Foreign currency exchange: 7 things to think about in 2015
Looking back on an eventful 12 months for the currency markets, Matthew Harris shares his predictions for 2015
Deep impact
From a currency point of view, there have only been two talking points that had any major effect on the markets. The first was the ongoing recovery in the UK which most economists would now regard as complete – the size of the British economy as well as other factors such as unemployment are back where they were when things first turned south in 2008. The second point of interest was the Scottish referendum, which for a month leading up to the vote on 18 September caused fear, panic and general chaos throughout the markets, as well as in Scotland itself. This served as a timely reminder of how volatile currencies can be in times of political uncertainty, as a single opinion poll caused the pound to lose three cents against other major currencies when it looked as if there would be a ‘Yes’ vote. When the result came in, the pound hit the highest level in two years against the single currency. So what of the year ahead? Long-term predictions provide an excellent opportunity for forecasters to appear rather foolish, whether they are studying anything from the weather to, in this case, foreign exchange. Rather than looking to forecast an exact number for the exchange rate in 12 months time, I will outline some of the key events that are likely to affect the exchange rate over the upcoming year.
UK General Election
There will be a General Election in May, and the result is far from clear. We could see another Conservative-Liberal Democrat coalition, or a Labour-Liberal Democrat one; we don’t know how many seats UKIP will get, and there is still the chance that one party could get an outright majority. From a currency point of view, we look back to the 2010 election, when the rate swung back and forth by 5% on the day of the result as nobody knew what would happen next. While another hung parliament would not now be the unknown territory it was back then, it would almost certainly cause the pound to weaken, sending the rate down. For the rate to go up, the markets will be looking for the Conservatives or Labour to secure a majority. Given that markets also hate change, the best net result for the pound is, in theory, a blue victory. However, given the uncertainty and the volatility we saw in the run up to the Scottish referendum, it is likely that the pound will suffer across the board in the days and weeks before polling day.
UK interest rate rise
The next piece of news for next year will be the interest rate rise in the UK. This will be one of those that most readers both want and dread in equal measure. If you have a tracker mortgage, an interest rate hike will not have been on your Christmas wishlist. However, if you’re looking to buy overseas and will need to move money from sterling to euros to buy your new home, then a rate rise should be quite helpful.

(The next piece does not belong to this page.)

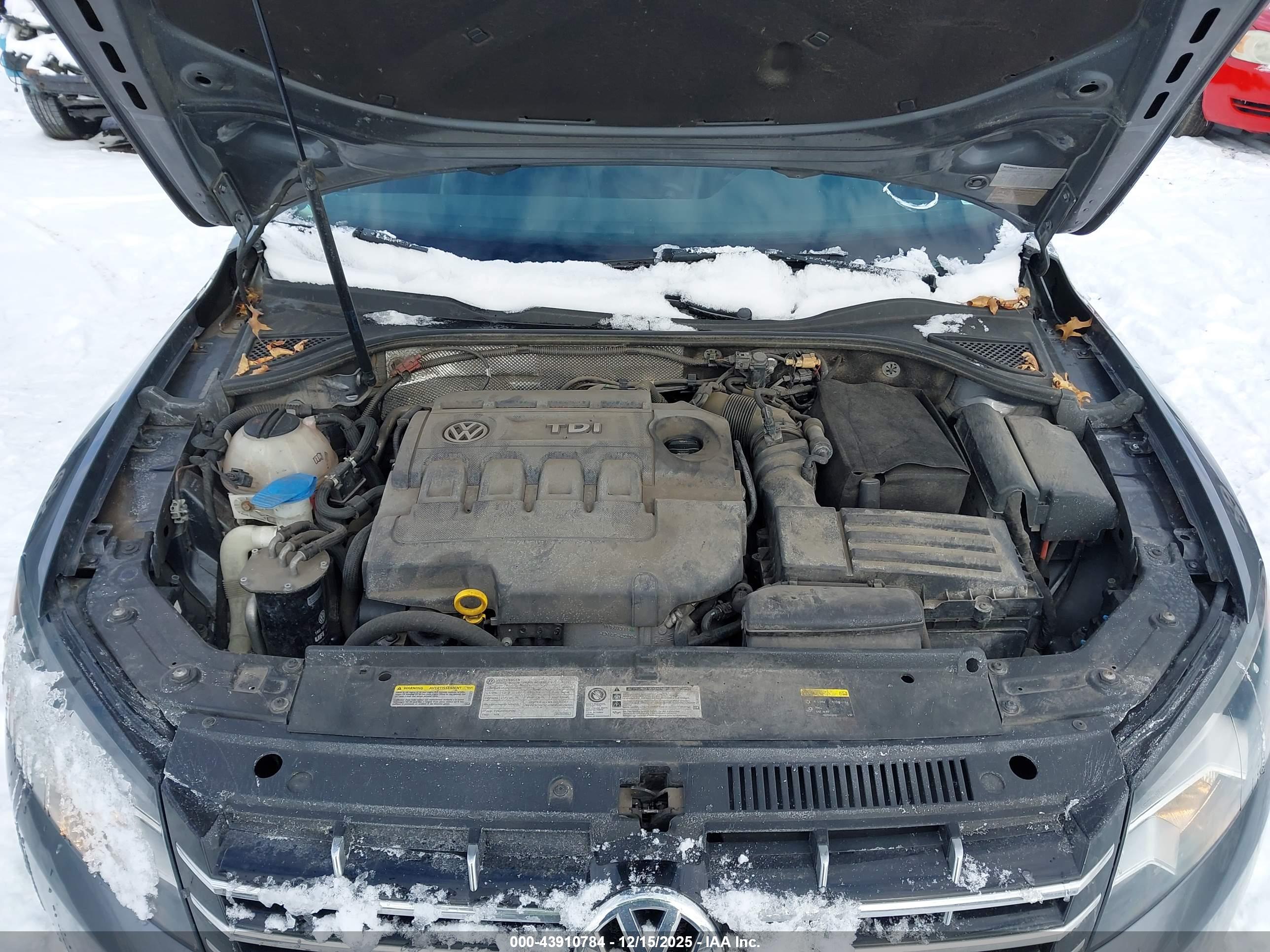 VOLKSWAGEN PASSAT image 10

If a country raises its base rate of interest, this is good for that country’s currency and in the vast majority of cases makes the rate go up. This is because it becomes more attractive for investors to put their money into that country. If you were about to invest money in a country, you would rather the interest being paid on that money was based on 1% than the current 0.5%. This better yield makes the pound more attractive, so exchange rates are likely to rise when the inevitable interest rate hike comes.
The eurozone recovery
Sooner or later, the eurozone will recover from its economic slump. In 2014, all major eurozone economies including France and Germany posted anaemic or even negative economic growth figures. Until we reach the point where economies start to recover, there remains virtually no chance of an interest rate rise. The European Central Bank could consider further economic stimulus measures such as quantitative easing to boost the economy. While these are ongoing, the euro remains weak and the exchange rate remains high.
Currency wars
One of the idiosyncrasies of economics is that countries do not want their respective currencies to be strong compared to others around the world. This is because it makes their homemade products more competitive, reducing their need to import and increasing the exports (and thus the money that enters the country). Throughout the recession, we have seen many countries, including Britain, take artificial measures which they knew would weaken their currency. We expect this to continue into 2015, with Mario Draghi’s comments to “do anything to defend the euro” attracting some interest. If the euro becomes weaker, the GBP/EUR rate will rise.
The big prediction
So with all that information, added to the vast array of data releases over the next 12 months, including but not limited to economic growth, unemployment, inflation, quantitative easing, retail sales and consumer confidence, the question still stands.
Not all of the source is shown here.